The share market will continue to grow as the world dusts itself off and gets back on the horse but not at the same pace. I predict ours will grow by 15%. If not I predict I will blame my failure on a typing error.
Gold will lose its lustre as the US economy picks up and dips below US$1000 an ounce.
The Reserve Bank won’t lift rates in February but will in March by 25 basis points. And official interest rates will sit between 4-5% by year’s end.
Unemployment will be gripped by the gravity of recovery and only go down from February to be 5.3 % by year’s end. On the subject of the RBA, I also predict Governor Stevens will not join the Spice Girls as “Banker Spice”.
Australia will emerge as one of the best economies around and seeing this Russia will buy Australian treasury bonds to augment its foreign reserve. Nostrovia!
Companies reporting in February for the second half of the year will surprise us with good results and strong forecasts sending the $AUD back up past 90c for a bit.
And yes folks it’s a federal election year so get ready for baby kissing, bold statements and a lot of blah, blah, blah. Climate change will be the key issue and Kev will take an ETS to the electorate seeking our thumbs up which he’ll probably get. Sorry Tony.
The year that was
Andrew Pegler - 29 December 09
What a difference a year makes. We started firmly astride the seven horses of the apocalypse galloping right into the belly of the beast where we sat frozen by what looked like the headlights of doom but turned out to be shards of sunlight blazing though the woods from which we are now emerging. In other words, the sky didn’t fall in; it just passed quite close.
Things kicked off ceremoniously with Obama inaugurated into the biggest mess since the Great Depression. With little more than a blink he threw US$787 billion at it, Gordon Brown US$330 billion and Kev and Wayne about $70 billion. For now things seem to be under control. It’s the longer-term implications for inflation and inter-generational debt that will be the elephants in the room.
Star Wars: the stock market strikes back! The share market defied expectation, logic and intuition in 2009 to roar back from its 2008 lows and recover 50% of its losses. Bank shares have fully recovered, resources stocks have boomed and super has pretty much made up its falls. The most amazing thing is this happened in one year. Nice.
China’s economy began to roar again in 2009 following a sharp decline. Its returning appetite for raw materials has been a big part of the spectacular rise of the Aussie dollar, which some bearish types are tipping for parity. The jury is still out on that one.

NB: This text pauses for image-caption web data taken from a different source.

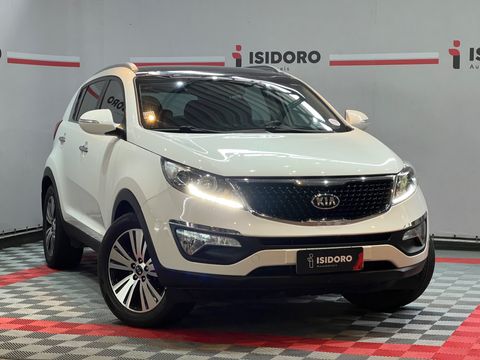 Kia Motors Sportage EX 2.0 16V/ 2.0 16V Flex Aut.
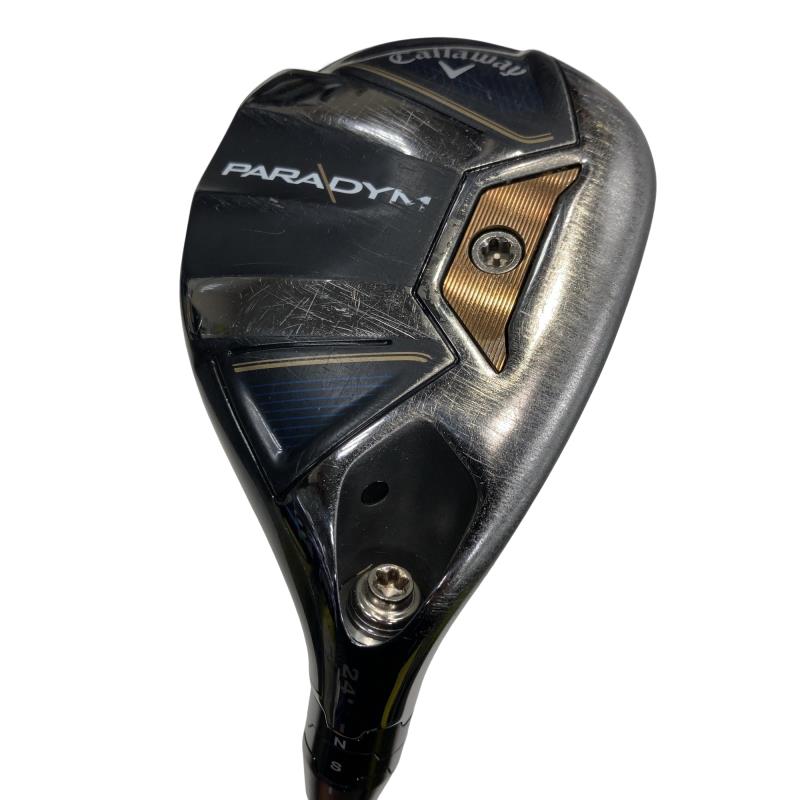 【中古】 キャロウェイ PARADYM 24° ユーティリティ UT NS PRO 850GH neo (フレックスS) メンズ 男性用 右利き 右用 Cランク ゴルフクラブ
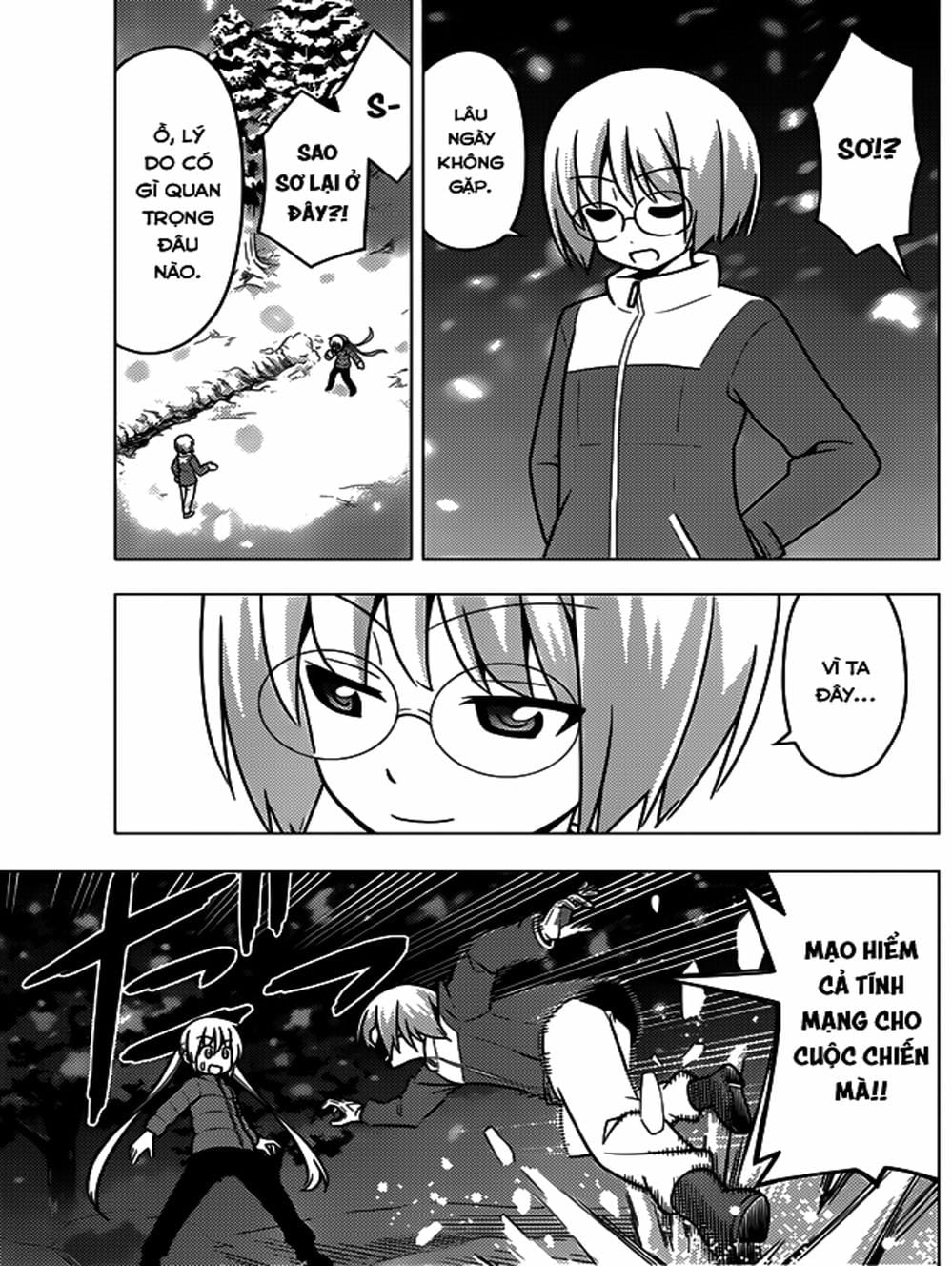 Truyện Tranh Chàng Quản Gia - Hayate No Gotoku trang 4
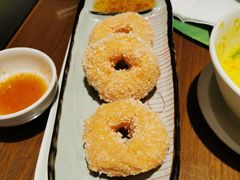 炸虾饼配泰国梅子酱-帕蓝·暹罗料理(大学路店)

With uncertainty the only certainty a lot of money fled into the safety and stability of gold, which rocketed past US$1000 an ounce. Its rise was also fuelled by the US dollar losing its lustre. The counter argument is summed up wonderfully by legendary US investor Warren Buffet. “Gold gets dug out of the ground in Africa, or someplace. Then we melt it down, dig another hole, bury it again and pay people to stand around guarding it. It has no utility. Anyone watching from Mars would be scratching their head.”
The Australian economy continues to be a shining light in an otherwise bleak global landscape. Thanks to the low debt left by Peter Costello and the swift stimulation of the Rudd Government we’ve ended the year with unemployment actually going down, banks still standing and (touch wood) no real property collapse … yet.
On the crime front, epic shonk Bernie Madoff got 150 years for his $65 billion Ponzi scheme and Texan billionaire and cricket promoter Sir Allen Stanford got arrested for an alleged $8 billion fraud.
And finally, when the global swarming in Copenhagen wound up we were left with agreements to disagree about agreements or something. In other words we’re as resolved to tackle the problems and shape an ETS as we were in January.
In Sopranos parlance “fugeddaboutit”, it’s over, move on and have a spanking NY’s knees-up. I’ll cop you on the other side.